Une écoute attentive des faits révèle des négligences de part et d'autre : le garagiste avait plusieurs fois rappelé au propriétaire du parking de ne pas parquer de voiture sous l'avant-toit du garage ; en hiver les glaçons du toit pourraient tomber sur les voitures et les abîmer. D'autre part, le propriétaire du parking demande comment le mécanicien responsable de l'incendie a eu accès au garage de nuit malgré le gardien du lieu ? Un long travail de médiation est nécessaire. L'intérêt commun des deux propriétaires et leurs réputations ne seraient-ils pas mieux servis s'ils pouvaient continuer leur coopération et préserver leurs entreprises ? Tous deux n'ont-ils pas affaire à la même clientèle ?

Cas no 3 :

Alicher et Malika divorcèrent peu après que Malika eut donné naissance à leur fille. Elle dut retourner vivre chez ses parents et fit poursuivre son ancien mari au tribunal pour obtenir de lui une pension alimentaire. La cour le condamna à payer une pension alimentaire, ainsi que les arriérés. Faute de revenus, Alicher n'exécuta pas le jugement pendant deux ans malgré les injonctions de payer de l'huissier de justice. Il allait devoir comparaître à nouveau devant le tribunal pour délit de non-paiement de la pension alimentaire. Mais Malika demanda conseil à l'avocate régionale de l'ONG Erayim, la juriste Gulnara TACHIEVA, qui suggéra l'alternative d'une médiation. Il était dans l'intérêt d'Alicher de ne plus avoir à comparaître devant un tribunal. Pour restaurer son honneur, Alicher accepta la médiation.

Dialogues

A la suite de discussions constructives, Alicher fut d'accord de payer la pension alimentaire, ainsi que les arriérés, qui s'élevaient maintenant à 620 euros. Il trouva une position comme gardien de troupeau dans la région ; il y travailla pendant une année. Il gagna les moyens d'acheter à son employeur une vache qu'il avait l'intention de donner à Malika en compensation. La photographie montre le moment où la vache fut amenée au tribunal pour qu'on puisse en estimer la valeur. Bien que celle-ci ne fût que de 427 euros, Malika accepta cette solution à laquelle le couple était parvenu grâce à une médiation. L'affaire put être classée.Dialogues

Le paysage culturel est différent de ce à quoi nous sommes accoutumés, mais dans tous ces cas, la méthode ressemble à celle que nous pratiquons. Nous pouvons en glaner quelques exemples en regardant les photos des affiches apposées dans la classe d'étude.

 

 

 

Les photos nous parlent :

Dialogues

Le jeune homme traite de médiation familiale. L'affiche annonce :

  • Ne pas utiliser le conflit
  • Ne pas réagir au conflit
  • Favoriser la bonne volonté
  • (en rouge:) Le conflit engendre le conflit

La route comme symbole du processus de médiation.

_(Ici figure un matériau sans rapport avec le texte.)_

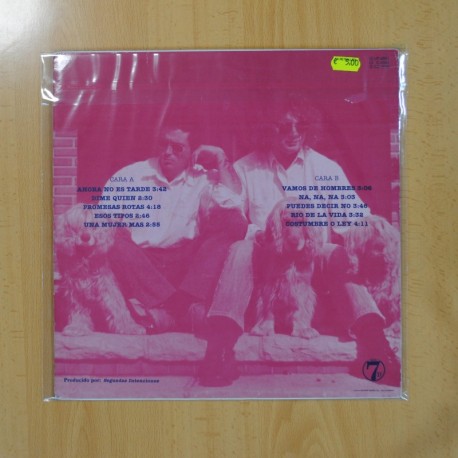 SEGUNDAS INTENCIONES - VAMOS DE HOMBRES - LP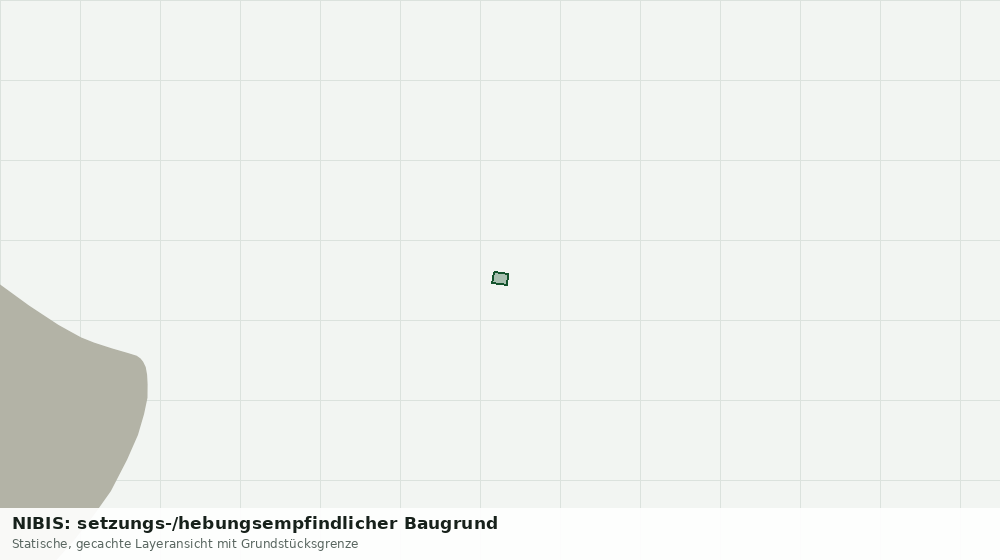 Statische Kartenansicht: NIBIS: setzungs-/hebungsempfindlicher Baugrund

  • Le mot ГНЕВ, colère, apparaît sur une autre affiche ainsi que 

« LES TROIS QUESTIONS EN OR DU MEDIATEUR » :

1. QU'EST-CE QUI EST LE PLUS IMPORTANT POUR VOUS ?
2. QU'EST-CE QUE CELA SIGNIFIE ?
3. POURQUOI EST-CE IMPORTANT ?

Dialogues

Un groupe de femmes assises en fer à cheval, très attentives à ce que dit l'une d'entre elles. Il fait froid en février en Asie Centrale, même à l'intérieur !

Le processus de médiation

Le cours de base distingue deux phases dans le processus de médiation : une phase préparatoire comprenant les entretiens préalables et la rencontre de médiation elle-même.

Selon la législation kirghize, la première phase est une réunion d'information pour les deux parties ; le conflit peut-il être potentiellement résolu par la médiation ? Les médiateurs rencontrent les parties séparément, les écoutent, établissent un diagnostic du conflit à l'aide de l'échelle des conflits de Friedrich Glasl* et d'une analyse des positions, des intérêts et des besoins, selon le modèle de la négociation raisonnée d'Ury et Fischer. Les médiateurs évaluent si le cas se prête à la médiation. Les deux parties décident alors si elles veulent poursuivre le processus ou non.

Si les deux parties sont d'accord, la rencontre de médiation peut avoir lieu :

  • Introduction (salutation, accueil des participants, présentation du processus) ;
  • Recherche des intérêts et des besoins des deux parties ;
  • Recherche de solutions alternatives (instruments : une image idéale, « brainstorming », réalisme des solutions proposées) ;
  • Préparation d'un projet d'accord ; si l'accord satisfait toutes les parties, signature de l'accord.

Dialogues

Le groupe des participants montrant leurs certificats. Tous les âges sont représentés. Au Kirghizistan les femmes se sentent libres de porter le foulard ou non. L'homme assis est le directeur de la branche d'Och du Centre National de Médiation, Avazbek Chamchievitch CHAMCHIEV.)

Les fonctions et les activités des deux associations décrites ci-dessous sont complémentaires :

Information sur la Communauté républicaine des Médiateurs

La Communauté républicaine des médiateurs de la République Kirghize est une organisation professionnelle autorégulée de médiateurs. Elle a été créée en 2018 sur la base de la loi sur les médiateurs.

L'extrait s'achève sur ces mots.